▼

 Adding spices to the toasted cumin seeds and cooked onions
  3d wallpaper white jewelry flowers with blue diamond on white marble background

▲
▼

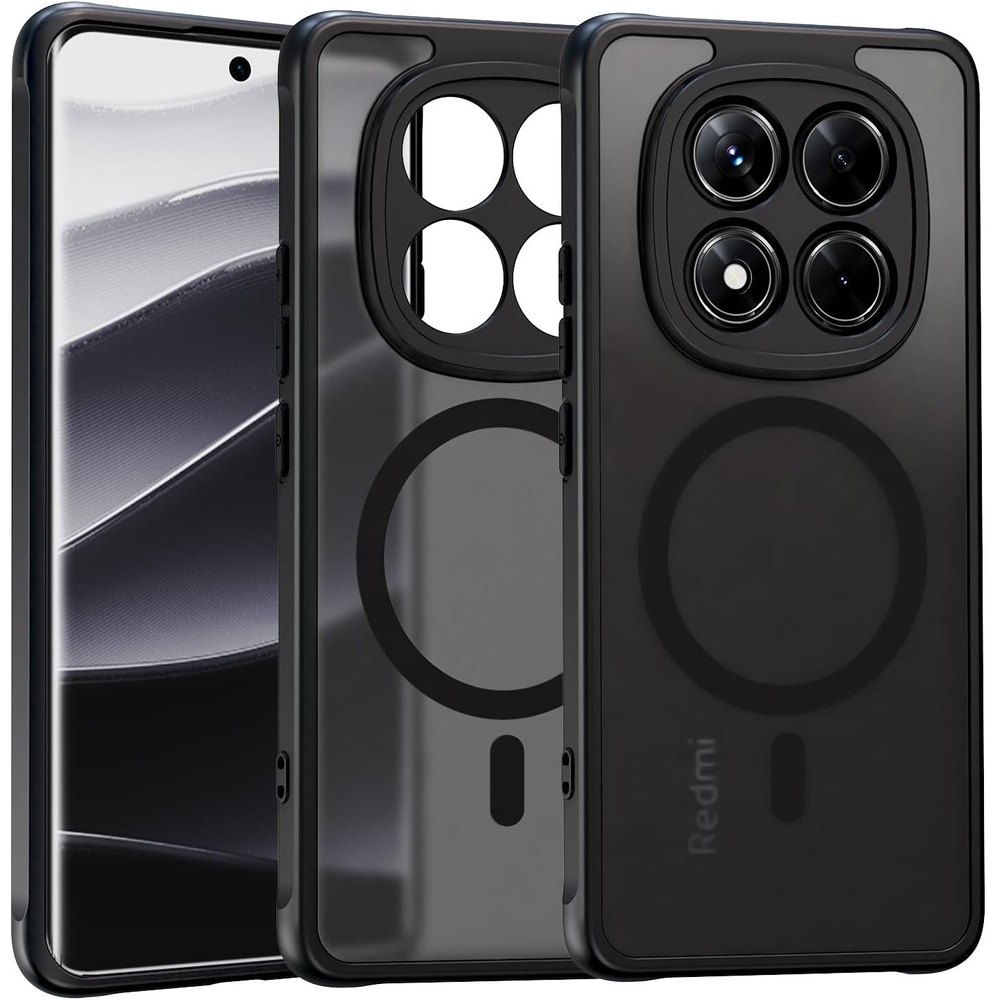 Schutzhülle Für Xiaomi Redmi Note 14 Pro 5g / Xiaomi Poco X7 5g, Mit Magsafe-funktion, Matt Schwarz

▲

> [Exercise requirements]:
In the listing above, locate the line containing "Adding spices to" and the line containing "3d wallpaper white". Transcribe those two lines and everything between them, exactly as written.

> [Written solution]:
 Adding spices to the toasted cumin seeds and cooked onions
  3d wallpaper white jewelry flowers with blue diamond on white marble background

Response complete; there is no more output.